Однако процесс расширения прав у местных органов власти натолкнулся на косность налоговой системы и упадок финансовой системы на местах, в то время как увеличение числа властных структур привело к распылению ответственности между ними. Это вызвало новые подозрения у французов. Революция, которую судьи осуществили под покровом тишины — а именно операция «Чистые руки», наподобие той, что происходила в Италии, заставила представителей местного самоуправления быть более осторожными, а это парализовало их действия. Тем более, что эволюция общества привела к тому, что под подозрение начали попадать власти любого рода (руководители государственных учреждений и компаний, университетов, больниц и пр.), на которых можно было подать в суд со стороны третьих лиц, т. е. простых граждан. Негативным результатом этой эволюции в начале 2000 г. стал тот факт, что многие мэры французских городов отказались выставлять свои кандидатуры на будущих выборах, считая, что теперь их служебное положение слишком уязвимо и это парализует их действия.

Если сравнить положение во Франции с тем, что происходит в соседних с ней странах, то выяснится, что перемены в политике централизации оказались очень незначительными. Автономия, которой располагают регионы во Франции, не идет ни в какое сравнение с автономией немецких земель[308], кроме того, федеральная система Германии позволяет органам местного самоуправления принимать участие в европейском строительстве на более глубоком уровне, чем это возможно в других странах ЕС.

Ничего подобного нет во Франции; серьезные дебаты по этой теме начались лишь после того, как глава МИД ФРГ Йошка Фишер выдвинул предложения о гармонизации отношений государства и местного самоуправления в рамках единой Европы. Следует отметить, что в Англии при Маргарет Тэтчер, наоборот, начался процесс новой централизации (в 1987 г. за Англией в этом вопросе последовала Ирландия), с риском предоставить больше прав Шотландии, Уэльсу и Ольстеру.

Тому, что децентрализация во Франции проводилась централизованным способом, есть новейшие доказательства: в последние годы депутаты местного самоуправления заговорили даже о «новой централизации». Например, отмена акцизных марок, которые приносили департаментам доход в размере 12 миллиардов евро, стала индикатором этого процесса, хотя государство в ответ предложило департаментам компенсацию, тем более что эту сумму определяли генеральные советы департаментов. Так что в этом вопросе автономия департаментов уменьшилась, если вообще не была упразднена. «Это уже четвертый удар, который правительство наносит по налоговой автономии», — считает один из оппозиционных лидеров Франции; три остальных удара — это введение профессионального налога; отмена той доли, которую регионы получали от налога на жилье, а также последовательное снижение размера пошлины на право передачи собственности.
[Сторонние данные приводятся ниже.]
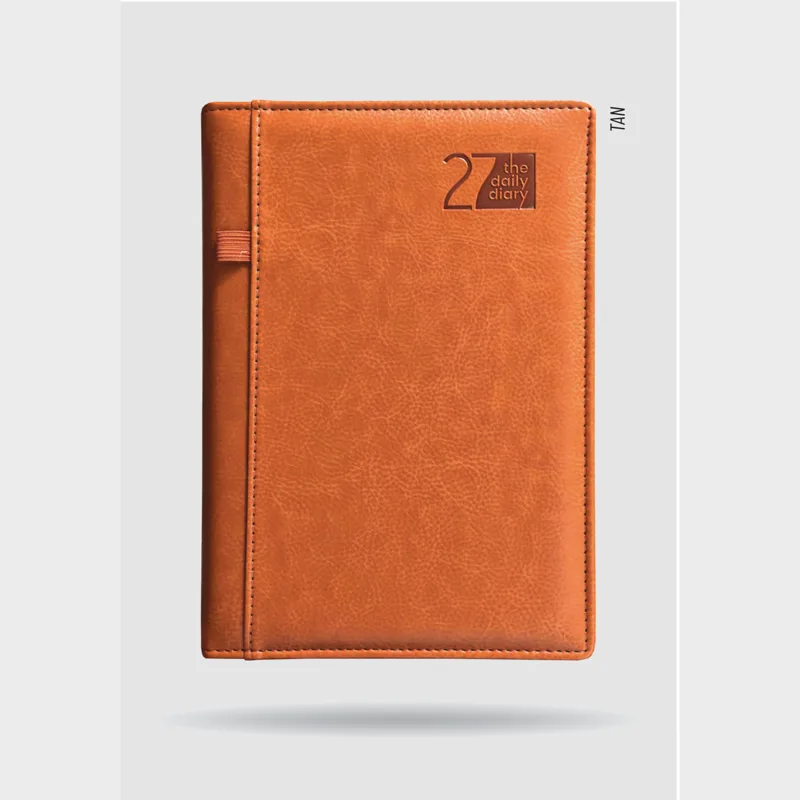 Anupam Exec Diary 2027 B5 (Indexed)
В этом вопросе социалист Пьер Моруа, принадлежащий к левому большинству в парламенте и возглавляющий комиссию по делам децентрализации, согласен с правым политиком Жан Пьером Фуркадом (см. «Le Mondе» от 2 сентября 2000 г.).

Испания: образец децентрализации?

В отличие от Франции Испания формировалась из государства, в каждом из которых уже существовала собственная судебная система. Власть испанского короля, обладавшего полным суверенитетом в делах Кастилии, ограничивалась в государствах, объединенных короной Арагона: такова была традиция, лежавшая в основе законодательных сводов Испании (фуэрос). У провинций, населенных басками, у королевства Наварра и у кортесов в области Леванте также имелись особые права. «Ни один король в мире не имеет такой провинции, как Каталония, — писал министр — граф-герцог Оливарес своему королю Филиппу IV в 1640 г., — она имеет над собой короля и сеньора, но не служит ему. И с этим он не может ничего сделать, как бы он того ни желал. Нам приходится постоянно смотреть, прописано ли то или это в конституции или нет.»
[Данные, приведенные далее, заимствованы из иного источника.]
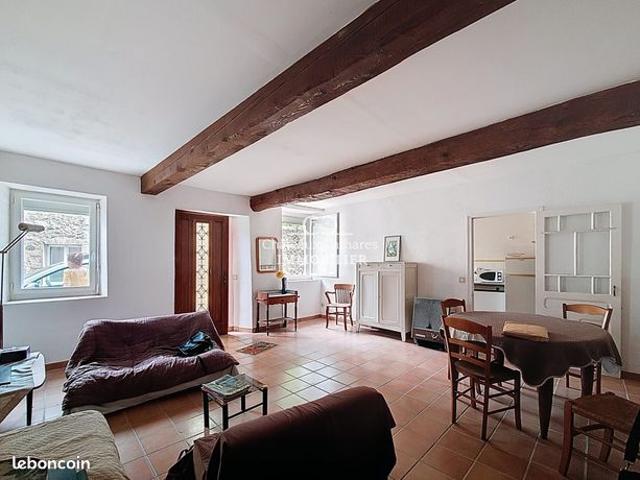 Maison de village 7 pièces 193 m²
Несомненно, позже политика централизации Испании принесла свои плоды, но идентичность регионов (автономных сообществ) сохранилась, что хорошо продемонстрировали некоторые эпизоды гражданской войны.

Движение за автономию регионов возродилось в 60-е годы ХХ в. — в Каталонии и в Стране Басков: в последней в 1959 г. была создана организация ЭТА (Euskadi Ta Askatasuna[309] — ETA), активисты которой поставили целью борьбу за независимость от Испании.
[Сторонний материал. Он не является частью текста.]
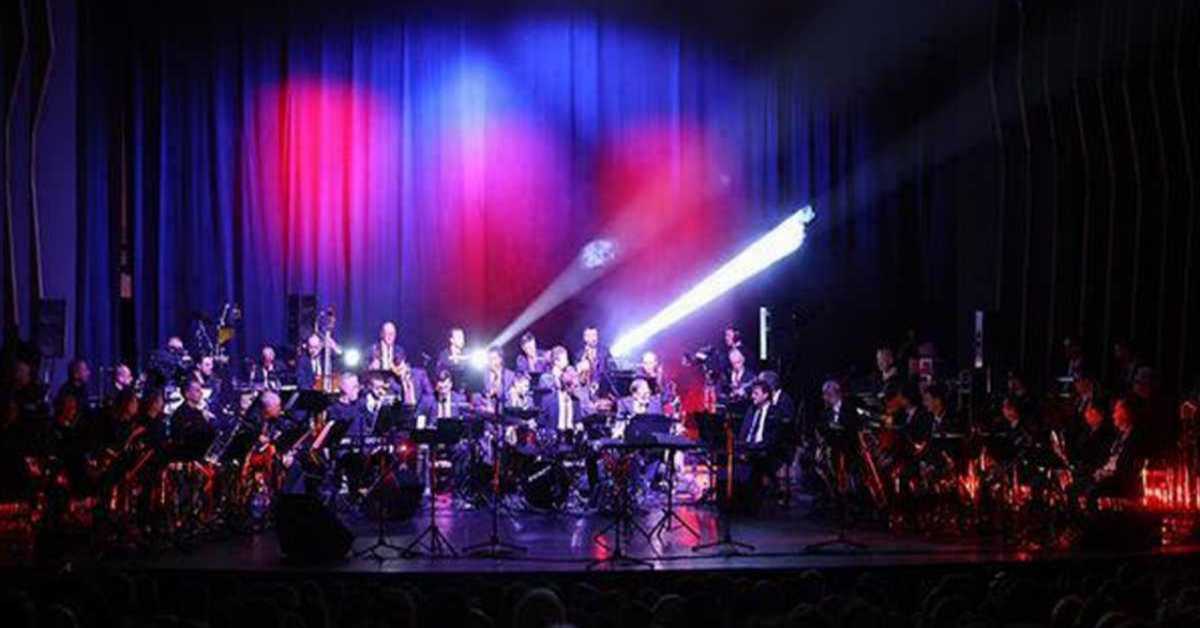  Концерт Џамбо биг бенд, 2. део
После возвращения Испании к демократии, благодаря усилиям короля Хуана Карлоса I, в Конституции 1978 г. был закреплен принцип децентрализации: в соответствии с ним автономные сообщества вновь получили права, утраченные в период диктатуры Франко или еще раньше.

Распределение властных полномочий между государством и автономными сообществами не имеет ничего общего с положением во Франции. Потому что в Испании эти полномочия — как унаследованные от прошлого, так и новые, — как спускались сверху, так и истребовались снизу, а во Франции децентрализацию проводило только государство.

В Испании у сообществ — Андалусии, Каталонии и т. д., есть право самостоятельно принимать решения в таких областях, как общественные работы, железнодорожный и другой транспорт, экономическое развитие и т. д., а также право формировать собственное правительство. Государство сохраняет за собой исключительные права с целью обеспечения равенства между всеми испанцами в национальных вопросах, вопросах эмиграции и иммиграции, права на труд и пр. Испанский (кастильский) является официальным языком Испании, но все остальные языки, на которых говорят в стране, имеют официальный статус в тех сообществах, где они традиционно используются.

В целом в Испании существует административная система, разбитая на четыре уровня: государственный, региональный (уровень сообщества), провинциальный и муниципальный.

Между испанскими автономными сообществами и французскими регионами существует три отличия: во-первых, у сообществ гораздо более широкие права, чем у регионов во Франции, а их статус меняется от сообщества к сообществу; во-вторых, все семнадцать автономных сообществ появились не в одно время и различаются по масштабу: Андалусия состоит из восьми провинций, Астурия — из одной; в-третьих, в одних сообществах Испании трансформация происходит быстро (Страна Басков, Каталония, Галисия, Канарские острова и т. д.), а в других — медленно (Астурия, Балеарские острова, Эстремадура и т. д.). Фактором, препятствующим расширению полномочий сообществ, является их финансовое состояние.

Остается баскский вопрос. Корень проблемы состоит в террористических действиях ЭТА[310]. Вряд ли стоит думать, что власти страны, где правит демократия и существует эффективная децентрализация, оправдают поведение террористов ЭТА, даже несмотря на то что ЭТА считает себя или стремится предстать в глазах общественности демократической организацией. Что, правда, совсем не так. Опираясь на традицию противостояния столичной власти, террористы ЭТА рассчитывают путем террора стать альтернативной властью… В Истории известны и другие организации, действовавшие в Европе и за ее пределами таким же образом — чтобы или победить, или умереть.